[Entries taken from a collection]:

*** Begin section ***

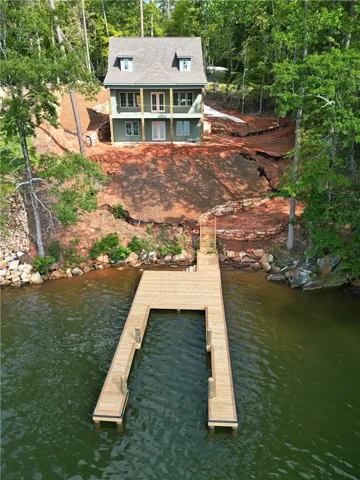 A tranquil lakeside retreat with private dock access and forested surroundings.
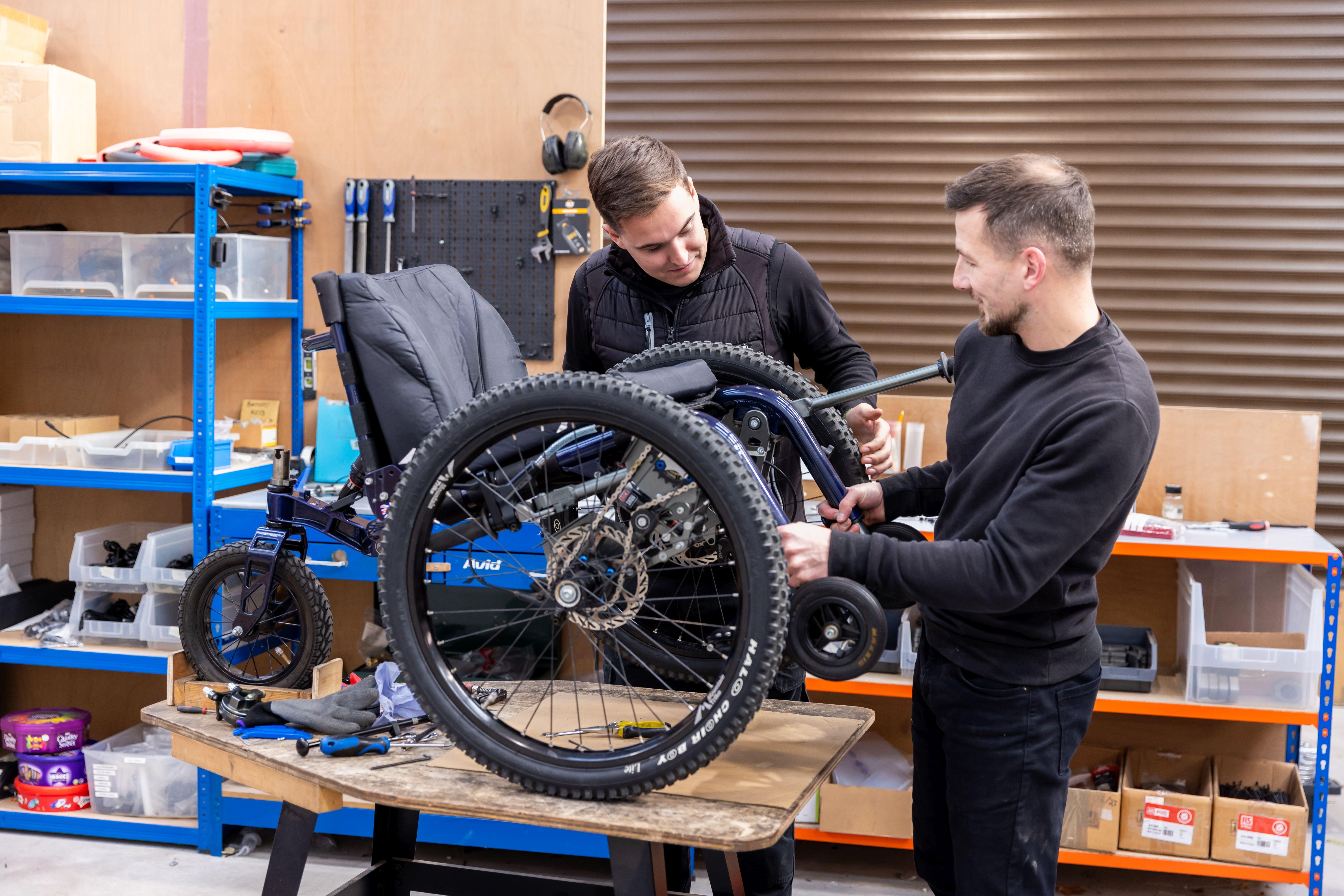 Mountain Trike wheelchair on a workshop bench being serviced by two men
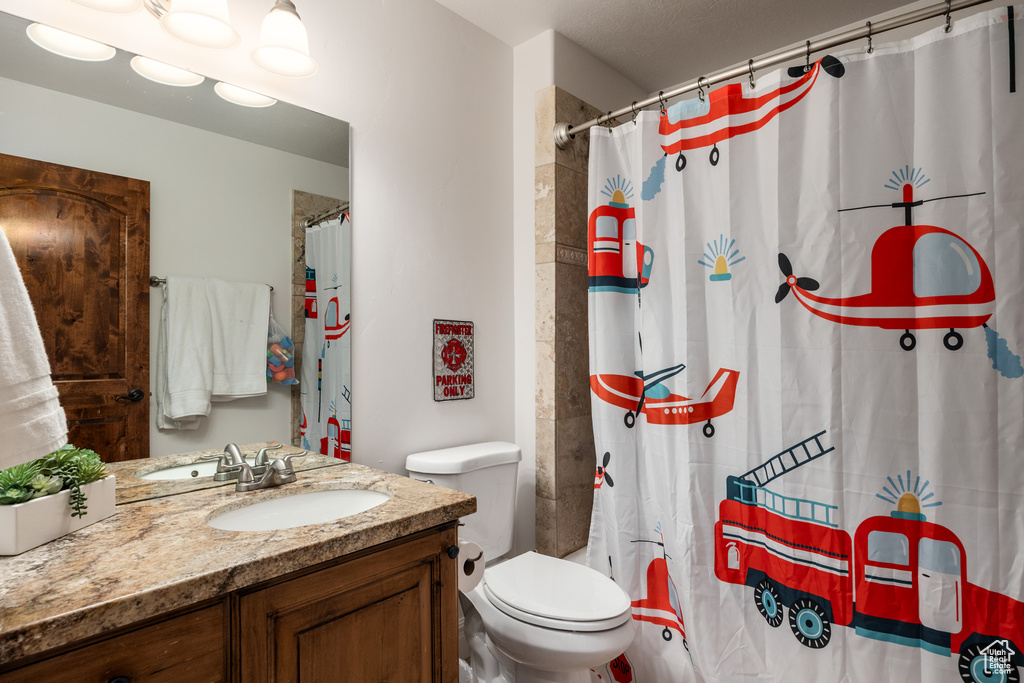 Bathroom featuring vanity, toilet, and a shower with shower curtain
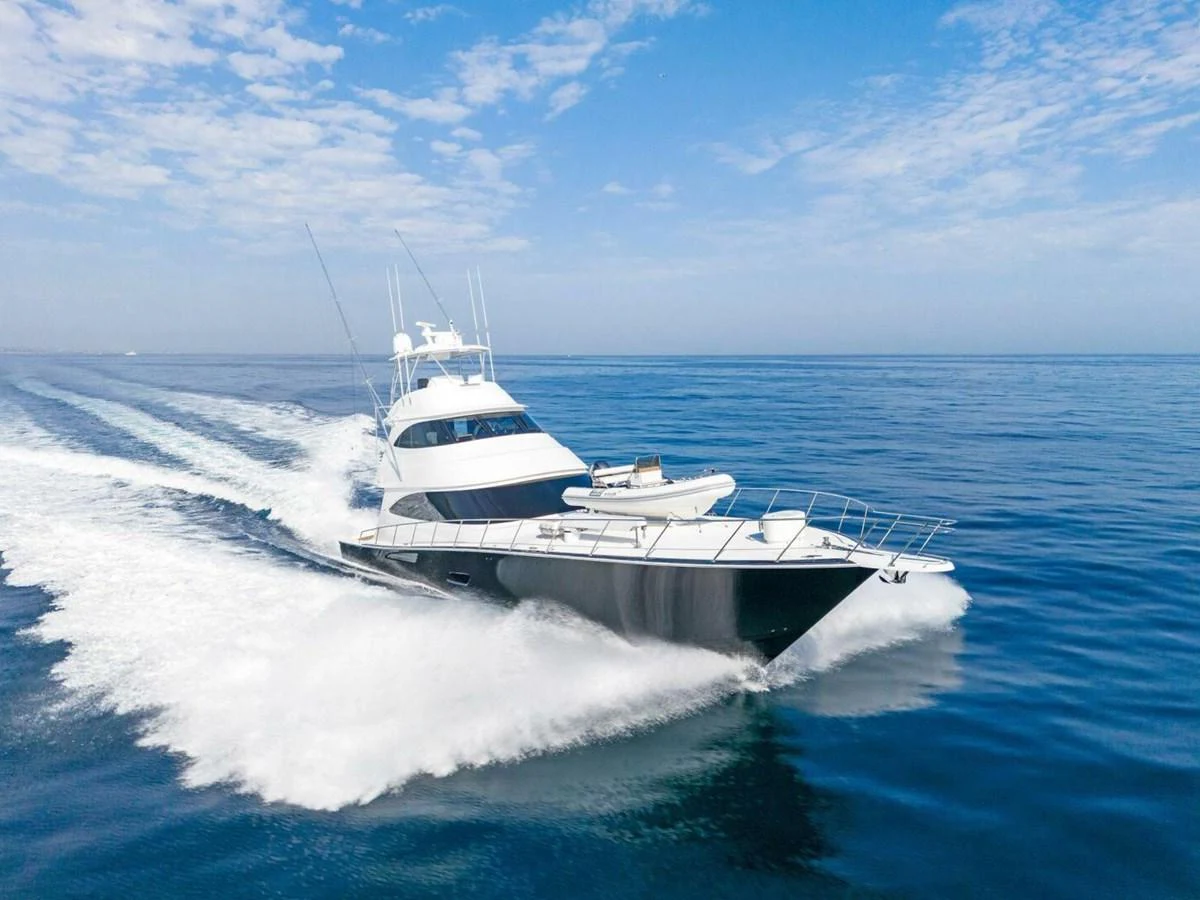 a white yacht on the water aboard TEAM MAYHEM Yacht for Sale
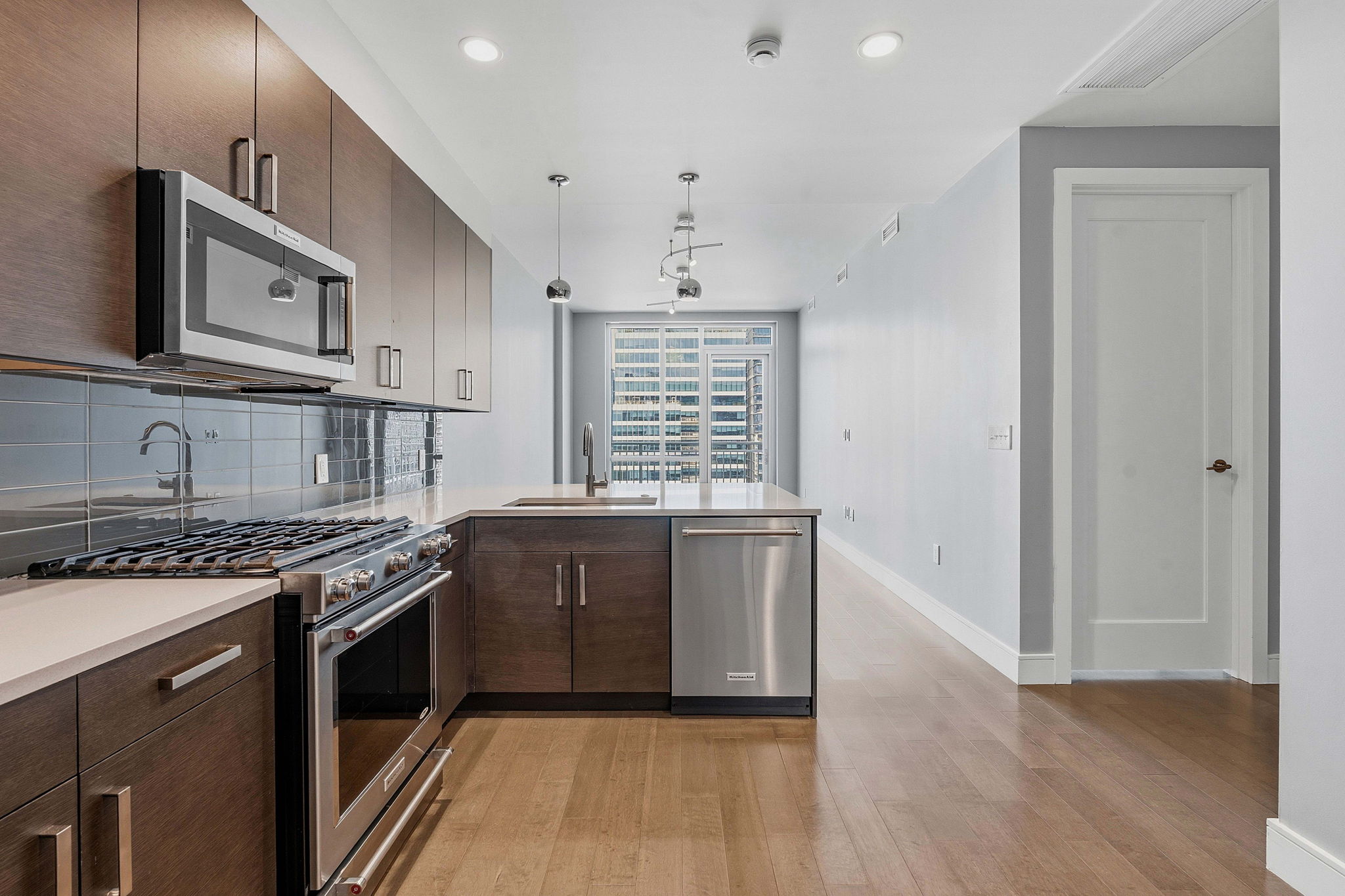 222 West Avenue, Unit 2207 Austin, TX 78701 - Photo 4 of 30 Modern kitchen featuring wood-finish cabinetry, stainless steel appliances, light-toned countertops, a tile backsplash, and recessed lighting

*** End section ***

[Description of the task]: Set down every entry above without alteration, but print no images.

[Solution to the exercise]:
 A tranquil lakeside retreat with private dock access and forested surroundings.
 Mountain Trike wheelchair on a workshop bench being serviced by two men
 Bathroom featuring vanity, toilet, and a shower with shower curtain
 a white yacht on the water aboard TEAM MAYHEM Yacht for Sale
 222 West Avenue, Unit 2207 Austin, TX 78701 - Photo 4 of 30 Modern kitchen featuring wood-finish cabinetry, stainless steel appliances, light-toned countertops, a tile backsplash, and recessed lighting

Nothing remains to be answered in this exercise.